Concert anniversaire
La nuit avait été courte. Nous étions chez un ami d'Alban Berg qui est l'assistant du chef du
Deutsche Oper. Dans son petit appartement de
Prenzlauer Berg, le quartier de Berlin-Est désormais occupé par les Bobo berlinois, il a une pièce entière dédiée à la musique avec un vieux piano Bechstein, des tonnes de partitions et de CD. Un moment vraiment agréable à l'écouter nous rejouer au piano quelques passages de la
Fanciulla del West, à entendre des extraits du
Winterreise et à piccoler du cognac. Vers 3 heures, notre hôte nous rappelle qu'en raison du changement d'horaire, il est déjà quatre heures et nous filons nous reposer avant d'assister à l'objet principal de notre séjour à Berlin.
Le lendemain, un peu avant onze heures, nous nous installons dans la salle de la Philharmonie juste derrière les choeurs, au centre, face au podium du chef. Pierre Boulez entre en scène.

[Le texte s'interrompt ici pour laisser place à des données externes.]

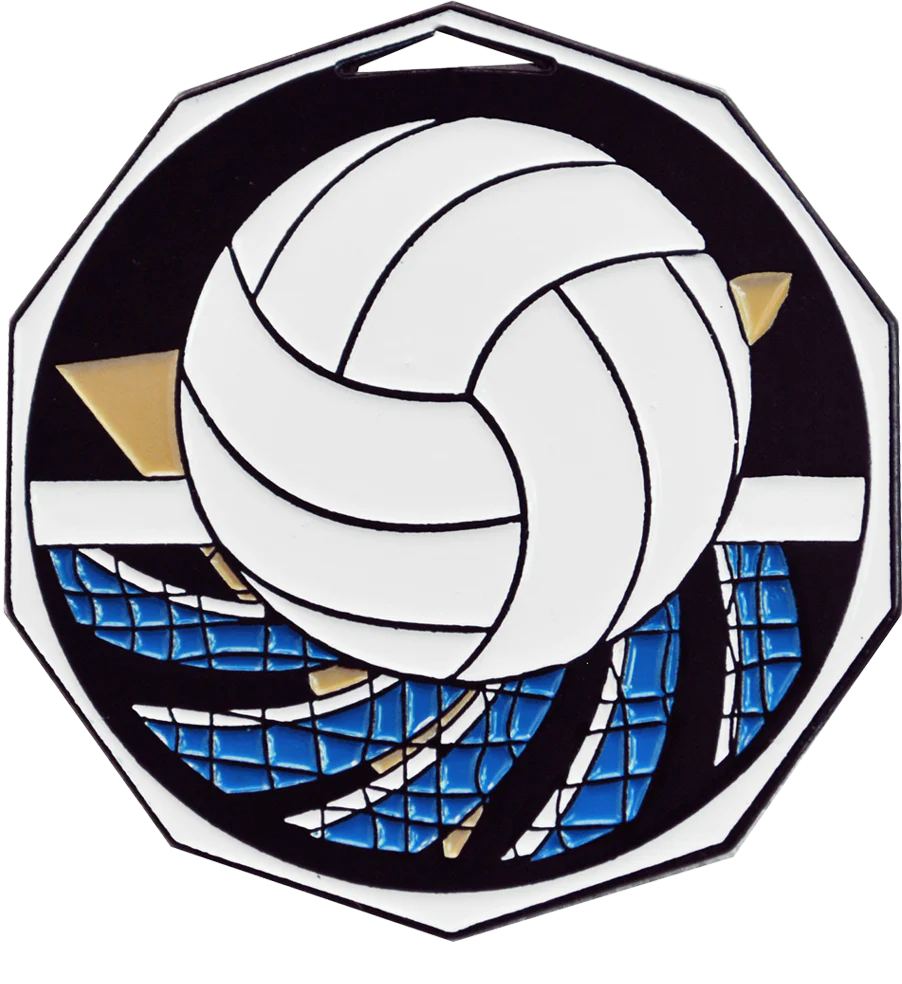 Bright Color Volleyball Medal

La grande marche funèbre initiale démarre. Il est assez fascinant de voir chaque mouvement du chef répercuté avec précision dans la masse orchestrale. Il en ressort une impression de très grande clarté. La comparaison avec la Neuvième Symphonie jouée la veille est frappante. Barenboim avait dirigé avec une précision incroyable le Chicago Symphony Orchestra d'une technicité sans faille. Il en résultait une interprétation glaciale et sans âme. Boulez, à l'opposé de son habituelle image de froideur, nous donne avec la
Staatskapelle une vision construite et chaleureuse de l'oeuvre. Le deuxième mouvement, facilement ennuyeux est passionnant de bout en bout. Les deux solistes Petra Lang et Diana Damrau sont absolument parfaites.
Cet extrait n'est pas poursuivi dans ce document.